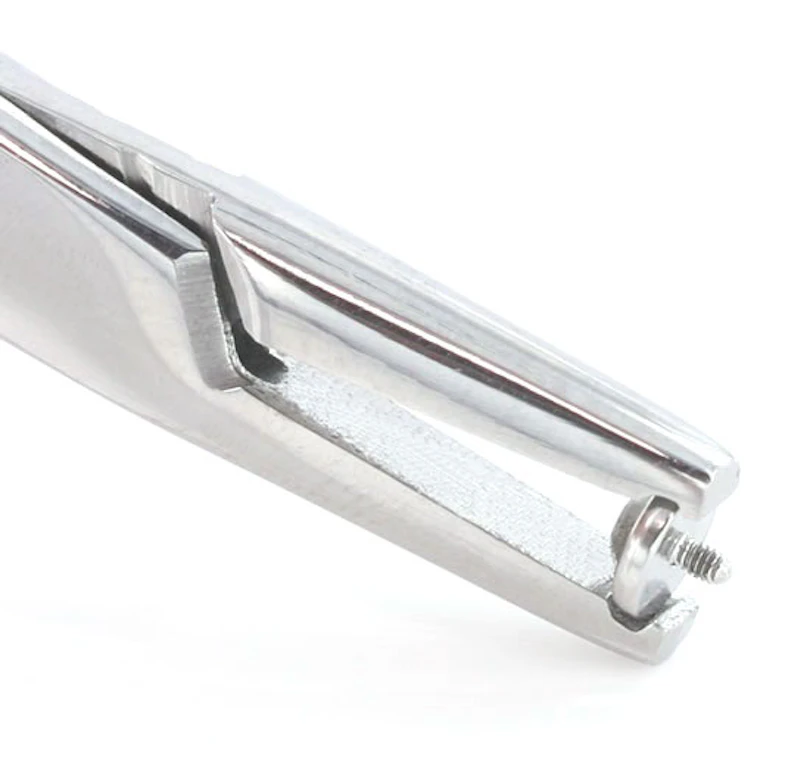 Dermal anchor plaadi tangid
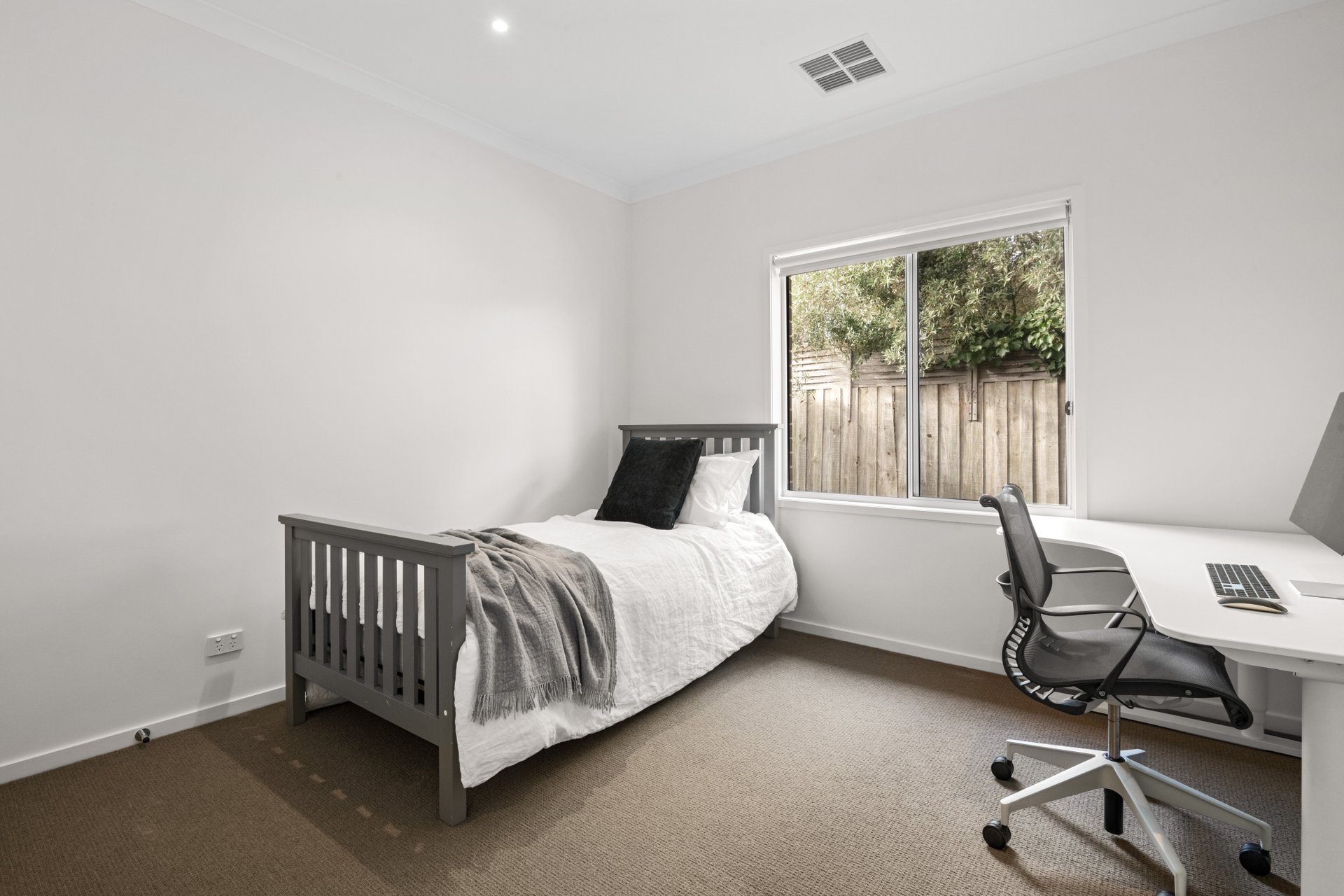 17 Hiskens Street, Sorrento image 13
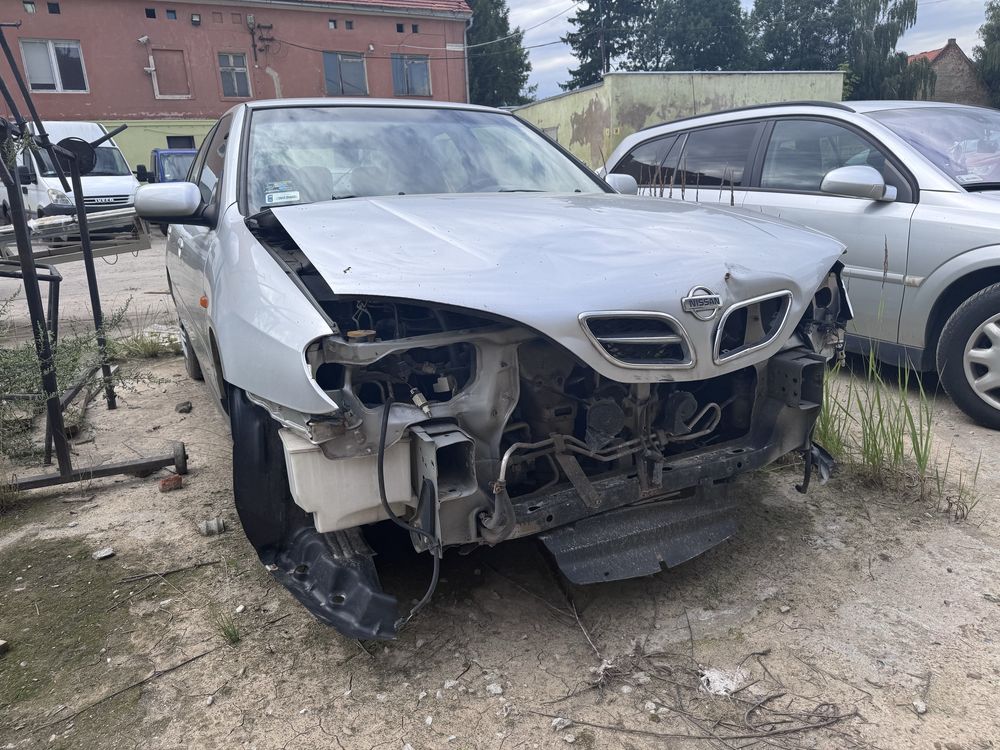 Nissan Primera P11 po stłuczce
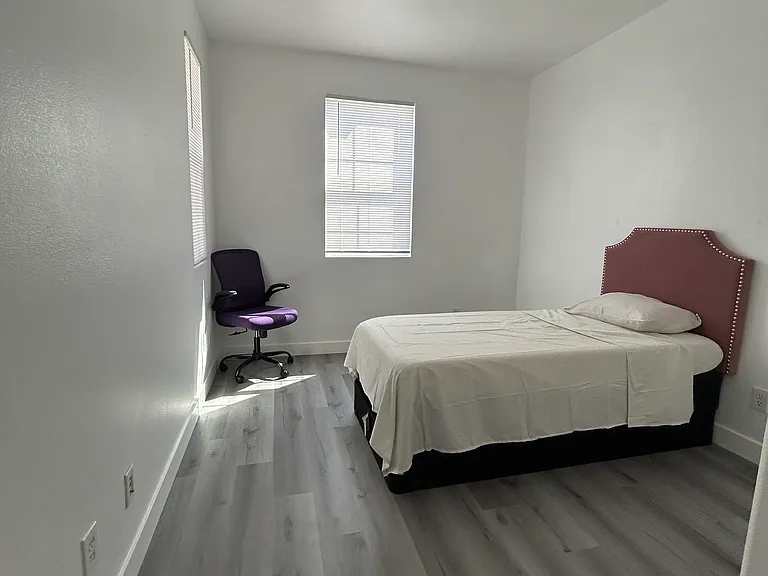 Sinclare Cir — Photo 3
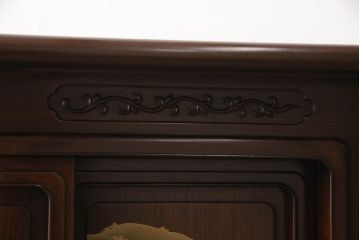 中古　美品　国産職人手造り　蒔絵入り　扉の裏にまで意匠をこらした凝ったデザインが魅力の漆塗り茶棚(飾り棚、戸棚、収納棚、違い棚)(定価推定約120万円)(R-067459)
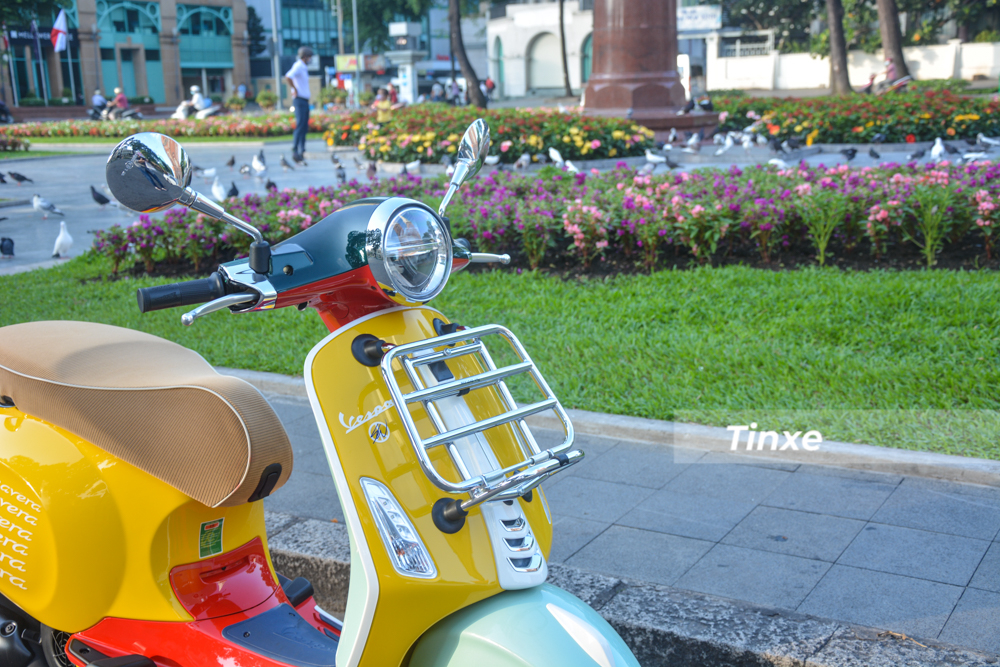 Tiếp đến là phần mặt nạ trước của Vespa Primavera Sean Wotherspoon chọn tông màu vàng làm điểm nhấn với chi tiết Tiếp đến là phần mặt nạ trước của Vespa Primavera Sean Wotherspoon chọn tông màu vàng làm điểm nhấn với chi tiết cà vạt của xe được hoàn thành màu trắng. Bên phải của xe có dòng chữ Vespa màu trắng trên nền vàng và chữ ký SW.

WHAT IS BEING ASKED: Copy nothing but the lines from the one containing "Nissan Primera P11 po stłuczce" through the last line of the listing above, transcribed exactly and with no pictures.

TASK SOLUTION:
 Nissan Primera P11 po stłuczce
 Sinclare Cir — Photo 3
 中古　美品　国産職人手造り　蒔絵入り　扉の裏にまで意匠をこらした凝ったデザインが魅力の漆塗り茶棚(飾り棚、戸棚、収納棚、違い棚)(定価推定約120万円)(R-067459)
 Tiếp đến là phần mặt nạ trước của Vespa Primavera Sean Wotherspoon chọn tông màu vàng làm điểm nhấn với chi tiết Tiếp đến là phần mặt nạ trước của Vespa Primavera Sean Wotherspoon chọn tông màu vàng làm điểm nhấn với chi tiết cà vạt của xe được hoàn thành màu trắng. Bên phải của xe có dòng chữ Vespa màu trắng trên nền vàng và chữ ký SW.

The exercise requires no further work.